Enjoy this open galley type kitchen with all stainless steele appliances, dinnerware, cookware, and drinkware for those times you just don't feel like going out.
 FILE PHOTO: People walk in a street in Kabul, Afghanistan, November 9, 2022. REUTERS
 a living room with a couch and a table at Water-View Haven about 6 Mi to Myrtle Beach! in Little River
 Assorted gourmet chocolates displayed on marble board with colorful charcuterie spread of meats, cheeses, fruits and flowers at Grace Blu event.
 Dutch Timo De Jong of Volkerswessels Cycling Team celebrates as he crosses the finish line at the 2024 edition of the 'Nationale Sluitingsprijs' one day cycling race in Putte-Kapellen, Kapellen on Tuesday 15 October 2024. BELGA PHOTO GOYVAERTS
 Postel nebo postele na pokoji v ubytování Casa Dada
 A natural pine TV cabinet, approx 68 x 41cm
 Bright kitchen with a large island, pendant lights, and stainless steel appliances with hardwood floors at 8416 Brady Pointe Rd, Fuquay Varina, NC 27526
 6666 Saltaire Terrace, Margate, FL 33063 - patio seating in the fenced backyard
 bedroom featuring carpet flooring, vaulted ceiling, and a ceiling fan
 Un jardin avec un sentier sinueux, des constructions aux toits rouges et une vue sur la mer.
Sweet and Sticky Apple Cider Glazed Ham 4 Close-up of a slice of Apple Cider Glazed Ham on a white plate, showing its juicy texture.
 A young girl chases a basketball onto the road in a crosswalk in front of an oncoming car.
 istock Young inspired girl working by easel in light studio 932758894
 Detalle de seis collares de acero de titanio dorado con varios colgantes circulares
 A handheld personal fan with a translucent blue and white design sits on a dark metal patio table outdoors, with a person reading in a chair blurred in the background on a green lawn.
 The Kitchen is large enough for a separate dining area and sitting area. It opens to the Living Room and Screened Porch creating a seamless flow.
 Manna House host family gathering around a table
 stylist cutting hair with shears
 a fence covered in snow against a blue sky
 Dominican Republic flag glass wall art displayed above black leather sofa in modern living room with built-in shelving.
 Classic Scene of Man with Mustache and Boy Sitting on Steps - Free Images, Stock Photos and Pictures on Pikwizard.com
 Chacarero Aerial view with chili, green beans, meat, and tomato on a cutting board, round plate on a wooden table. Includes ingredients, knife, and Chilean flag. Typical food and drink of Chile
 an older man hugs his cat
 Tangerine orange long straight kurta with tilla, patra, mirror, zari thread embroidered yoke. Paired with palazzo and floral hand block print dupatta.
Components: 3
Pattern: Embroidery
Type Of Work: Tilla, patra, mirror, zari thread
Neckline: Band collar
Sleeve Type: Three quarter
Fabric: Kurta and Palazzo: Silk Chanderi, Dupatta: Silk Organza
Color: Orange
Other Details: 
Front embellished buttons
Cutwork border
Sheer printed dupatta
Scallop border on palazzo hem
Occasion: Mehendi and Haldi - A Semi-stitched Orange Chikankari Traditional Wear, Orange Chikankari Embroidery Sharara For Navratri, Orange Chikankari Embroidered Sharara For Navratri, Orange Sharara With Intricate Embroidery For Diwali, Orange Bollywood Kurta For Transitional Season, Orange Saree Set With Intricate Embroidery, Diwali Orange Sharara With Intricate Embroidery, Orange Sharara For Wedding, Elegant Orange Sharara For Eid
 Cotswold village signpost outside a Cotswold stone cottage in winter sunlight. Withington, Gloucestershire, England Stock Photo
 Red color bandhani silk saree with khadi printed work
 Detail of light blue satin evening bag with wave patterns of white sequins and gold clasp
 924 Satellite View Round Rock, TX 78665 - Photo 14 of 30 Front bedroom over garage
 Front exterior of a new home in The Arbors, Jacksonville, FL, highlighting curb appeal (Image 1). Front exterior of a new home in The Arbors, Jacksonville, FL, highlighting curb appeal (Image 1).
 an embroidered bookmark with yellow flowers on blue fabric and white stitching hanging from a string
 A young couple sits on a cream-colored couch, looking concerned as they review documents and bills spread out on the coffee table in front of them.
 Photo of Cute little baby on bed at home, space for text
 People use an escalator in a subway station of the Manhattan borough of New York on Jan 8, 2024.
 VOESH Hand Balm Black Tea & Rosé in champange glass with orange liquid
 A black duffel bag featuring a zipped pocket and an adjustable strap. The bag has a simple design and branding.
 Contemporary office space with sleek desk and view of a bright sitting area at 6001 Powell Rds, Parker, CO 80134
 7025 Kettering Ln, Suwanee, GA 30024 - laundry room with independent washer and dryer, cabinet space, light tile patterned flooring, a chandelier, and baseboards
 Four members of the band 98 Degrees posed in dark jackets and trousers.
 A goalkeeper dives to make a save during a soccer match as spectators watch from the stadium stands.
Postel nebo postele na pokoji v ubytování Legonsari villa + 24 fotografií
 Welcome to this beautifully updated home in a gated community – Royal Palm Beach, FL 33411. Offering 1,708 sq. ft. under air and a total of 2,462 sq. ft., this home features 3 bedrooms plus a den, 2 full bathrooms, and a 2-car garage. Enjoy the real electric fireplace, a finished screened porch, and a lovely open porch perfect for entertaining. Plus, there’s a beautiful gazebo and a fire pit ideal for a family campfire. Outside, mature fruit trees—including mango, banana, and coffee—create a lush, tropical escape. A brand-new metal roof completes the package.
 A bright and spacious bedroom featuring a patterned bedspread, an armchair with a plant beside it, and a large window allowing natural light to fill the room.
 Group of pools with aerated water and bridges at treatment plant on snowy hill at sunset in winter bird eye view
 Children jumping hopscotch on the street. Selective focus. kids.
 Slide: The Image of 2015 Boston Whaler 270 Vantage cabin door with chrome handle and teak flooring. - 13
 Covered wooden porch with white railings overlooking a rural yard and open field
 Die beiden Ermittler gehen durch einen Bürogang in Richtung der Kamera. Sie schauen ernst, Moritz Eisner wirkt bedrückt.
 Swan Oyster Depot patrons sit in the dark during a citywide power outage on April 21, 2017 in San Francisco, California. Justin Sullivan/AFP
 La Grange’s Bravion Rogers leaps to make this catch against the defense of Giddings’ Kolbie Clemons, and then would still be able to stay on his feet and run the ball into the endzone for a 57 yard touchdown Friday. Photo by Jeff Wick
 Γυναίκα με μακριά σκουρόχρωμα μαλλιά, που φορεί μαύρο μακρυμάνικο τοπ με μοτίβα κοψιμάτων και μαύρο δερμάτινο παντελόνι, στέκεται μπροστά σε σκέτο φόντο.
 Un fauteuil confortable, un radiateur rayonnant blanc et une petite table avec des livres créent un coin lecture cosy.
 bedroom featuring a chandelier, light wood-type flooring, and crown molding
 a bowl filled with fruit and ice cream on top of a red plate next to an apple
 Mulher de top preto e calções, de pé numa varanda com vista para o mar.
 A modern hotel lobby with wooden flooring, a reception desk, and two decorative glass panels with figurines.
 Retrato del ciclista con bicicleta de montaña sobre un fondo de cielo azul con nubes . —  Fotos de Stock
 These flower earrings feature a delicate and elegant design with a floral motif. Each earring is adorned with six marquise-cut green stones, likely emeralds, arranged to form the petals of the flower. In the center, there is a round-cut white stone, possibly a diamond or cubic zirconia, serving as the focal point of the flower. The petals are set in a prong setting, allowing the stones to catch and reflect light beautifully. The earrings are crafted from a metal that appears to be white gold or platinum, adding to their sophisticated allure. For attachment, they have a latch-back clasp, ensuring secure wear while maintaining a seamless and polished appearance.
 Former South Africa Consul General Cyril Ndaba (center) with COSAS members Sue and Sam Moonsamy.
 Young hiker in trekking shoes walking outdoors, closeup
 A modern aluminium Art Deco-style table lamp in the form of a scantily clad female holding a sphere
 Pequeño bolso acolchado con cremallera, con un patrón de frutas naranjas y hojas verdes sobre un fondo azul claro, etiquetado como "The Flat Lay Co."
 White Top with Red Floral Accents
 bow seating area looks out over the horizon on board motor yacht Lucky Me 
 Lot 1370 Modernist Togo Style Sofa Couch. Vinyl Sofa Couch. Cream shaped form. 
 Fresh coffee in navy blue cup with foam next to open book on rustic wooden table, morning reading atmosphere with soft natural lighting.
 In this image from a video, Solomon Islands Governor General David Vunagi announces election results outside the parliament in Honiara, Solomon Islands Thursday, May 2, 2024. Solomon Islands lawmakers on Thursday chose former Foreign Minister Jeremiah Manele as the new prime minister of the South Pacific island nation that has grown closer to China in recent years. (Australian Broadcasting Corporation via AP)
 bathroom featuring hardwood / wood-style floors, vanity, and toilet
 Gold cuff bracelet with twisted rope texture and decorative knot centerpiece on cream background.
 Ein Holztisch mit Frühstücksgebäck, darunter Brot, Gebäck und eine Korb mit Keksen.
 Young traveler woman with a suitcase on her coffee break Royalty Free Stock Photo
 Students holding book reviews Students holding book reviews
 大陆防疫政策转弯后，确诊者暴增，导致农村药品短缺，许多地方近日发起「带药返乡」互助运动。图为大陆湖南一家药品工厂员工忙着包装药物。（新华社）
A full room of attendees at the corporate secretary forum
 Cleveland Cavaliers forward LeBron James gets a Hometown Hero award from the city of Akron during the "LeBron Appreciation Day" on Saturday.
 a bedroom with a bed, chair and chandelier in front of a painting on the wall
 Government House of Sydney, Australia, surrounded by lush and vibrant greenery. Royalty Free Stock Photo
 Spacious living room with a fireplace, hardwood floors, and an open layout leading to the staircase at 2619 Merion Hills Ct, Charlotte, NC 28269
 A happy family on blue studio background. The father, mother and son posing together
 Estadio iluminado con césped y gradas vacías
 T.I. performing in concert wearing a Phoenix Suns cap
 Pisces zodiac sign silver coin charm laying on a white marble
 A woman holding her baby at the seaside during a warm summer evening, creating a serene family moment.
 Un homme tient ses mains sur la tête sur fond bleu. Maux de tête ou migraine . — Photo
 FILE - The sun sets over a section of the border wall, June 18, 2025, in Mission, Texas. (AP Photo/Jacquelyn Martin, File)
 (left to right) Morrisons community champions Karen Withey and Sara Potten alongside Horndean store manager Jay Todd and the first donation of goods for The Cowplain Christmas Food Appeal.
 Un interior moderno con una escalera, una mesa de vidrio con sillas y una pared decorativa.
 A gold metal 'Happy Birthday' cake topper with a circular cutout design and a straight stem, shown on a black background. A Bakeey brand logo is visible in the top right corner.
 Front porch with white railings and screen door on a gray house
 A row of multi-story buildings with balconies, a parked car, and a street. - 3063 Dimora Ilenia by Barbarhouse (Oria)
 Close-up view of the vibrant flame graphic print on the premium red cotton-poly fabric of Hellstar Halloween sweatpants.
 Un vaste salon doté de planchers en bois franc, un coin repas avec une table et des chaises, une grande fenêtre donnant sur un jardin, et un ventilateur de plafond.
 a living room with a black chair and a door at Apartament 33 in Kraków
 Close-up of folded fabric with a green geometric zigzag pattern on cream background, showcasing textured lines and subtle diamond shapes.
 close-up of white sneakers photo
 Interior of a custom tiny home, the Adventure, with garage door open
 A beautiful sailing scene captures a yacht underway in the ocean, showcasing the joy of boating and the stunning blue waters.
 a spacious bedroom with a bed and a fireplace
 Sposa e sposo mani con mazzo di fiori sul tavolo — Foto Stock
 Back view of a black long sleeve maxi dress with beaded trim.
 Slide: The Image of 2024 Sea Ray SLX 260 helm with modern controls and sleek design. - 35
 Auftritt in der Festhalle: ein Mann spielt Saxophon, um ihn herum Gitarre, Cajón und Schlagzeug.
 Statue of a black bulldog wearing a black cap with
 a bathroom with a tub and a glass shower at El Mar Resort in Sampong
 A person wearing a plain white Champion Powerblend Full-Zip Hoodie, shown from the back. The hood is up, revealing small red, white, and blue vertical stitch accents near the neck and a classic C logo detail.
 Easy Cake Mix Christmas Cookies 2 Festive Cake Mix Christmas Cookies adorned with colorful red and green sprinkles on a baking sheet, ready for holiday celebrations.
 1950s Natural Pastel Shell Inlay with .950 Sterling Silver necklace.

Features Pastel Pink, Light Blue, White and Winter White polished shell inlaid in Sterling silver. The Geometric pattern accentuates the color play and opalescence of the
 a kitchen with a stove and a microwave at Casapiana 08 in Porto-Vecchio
++++
§ **Exercise requirements**:
Looking back over the data above, restate word for word the lines that begin at the line with "Auftritt in der" and end at the line with "a bathroom with", inclusive.

§ **Answer**:
 Auftritt in der Festhalle: ein Mann spielt Saxophon, um ihn herum Gitarre, Cajón und Schlagzeug.
 Statue of a black bulldog wearing a black cap with
 a bathroom with a tub and a glass shower at El Mar Resort in Sampong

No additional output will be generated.